Source: Socialtext’s blog


Small/Medium Businesses Don’t Yet See the Value of Web 2.0

October 24, 2007

When it comes to taking advantage of Web 2.0 tools to obtain business management information, small and medium businesses (SMBs) are clearly taking a wait-and-see approach. This is one of the many findings in a new study released today by Bredin Business Information, Inc., which sought to gain a clearer understanding of how SMBs perceive the value of online tools such as blogs, social networks, wikis and other emerging formats.

The study asked over 300 U.S.-based SMBs to assess the importance of various Web 2.0 formats as sources of business management information over the next five years. Only 14% expect that blogs will be very or extremely important, with similar ratings coming in for wikis (21%), social networking sites (22%) and webcasts (31%). At the same time, more traditional methods of delivering resource information ranked high, with 49% rating email newsletters as very or extremely valuable over the next five years, and 46% giving that ranking to interactive tools such as quizzes or calculators.

Despite the hype surrounding Web 2.0, SMBs are not yet sure how these tools are useful in locating business-related information. The survey asked SMBs how their attitudes toward certain online tools had changed over the past several years. Interestingly, 41% said they were more positive about interactive tools and email newsletters, and 30% were more positive about community forums. Other Web 2.0 formats fared less well. While 19% were more positive about social networking, 21% were less positive. Blogs (18% more positive/16% less) and wikis (17% more positive/14% less) had similar results.

BBI simultaneously surveyed marketers at companies that sell to SMBs to rate the value of these tools for marketing purposes. The disparity between marketer’s plans to offer these tools with SMB interest in using them is striking. For example, 39% of marketers rated blogs as very/extremely valuable over the next five years (25 percentage points more than SMBs), and 67% rated webcasts as very/highly valuable (31 points higher than SMBs).

“SMBs are telling their vendors it is the message, not the medium, that matters,” said BBI CEO Stu Richards. “It is not surprising that SMBs have not yet warmed to Web 2.0 – they are typically not early adopters. While these formats offer tremendous potential to enhance relationships with SMBs, the challenge for marketers to use these methods effectively is to provide SMBs with relevant, actionable and easy-to-access information and advice. Whatever format marketers choose to roll out, they should test it on a limited basis, and manage expectations for adoption. In the meantime, the research shows that they should consider reaching SMBs through email newsletters and interactive tools if they do not already.”

Among other key findings from BBI’s report on SMBs and Web 2.0:

  • SMBs don’t yet see the value of many Web 2.0 tools.
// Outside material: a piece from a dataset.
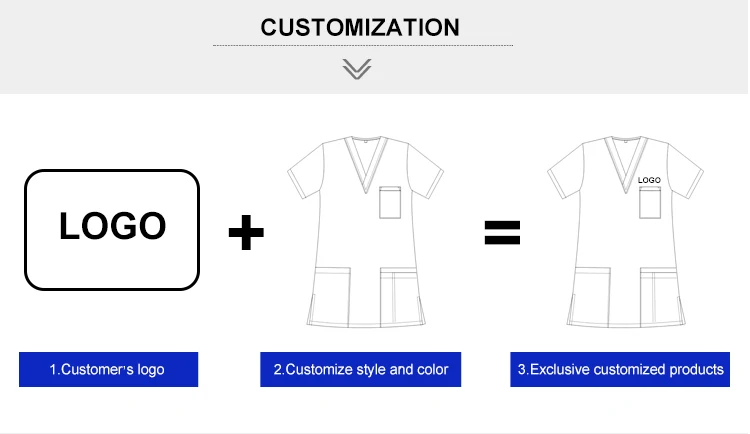 Scrubs Uniforms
When asked why they don’t use blogs, 57% said they don’t see the value, and 54% don’t see the value of social networking sites.
  • Regardless of the information format, SMBs most commonly look for information on accounting and finance (63%), technology/software (50%) and industry trends (46%). The least-sought topics were international business (20%), entrepreneurship/innovation (30%) and law (32%).
  • SMBs look to their vendors first for tools and information to help run their businesses. 31 percent said they would be very likely to seek this information from their vendors’ websites, as opposed to the sites of trade associations (20%), government/non-profits (18%), colleges/universities (15%) and the media (13%).
  • Nearly half of SMBs (48%) begin their search for business help on a search engine. 33 percent go to sites they know have good resources, and 19% go straight to the sites of their current vendors.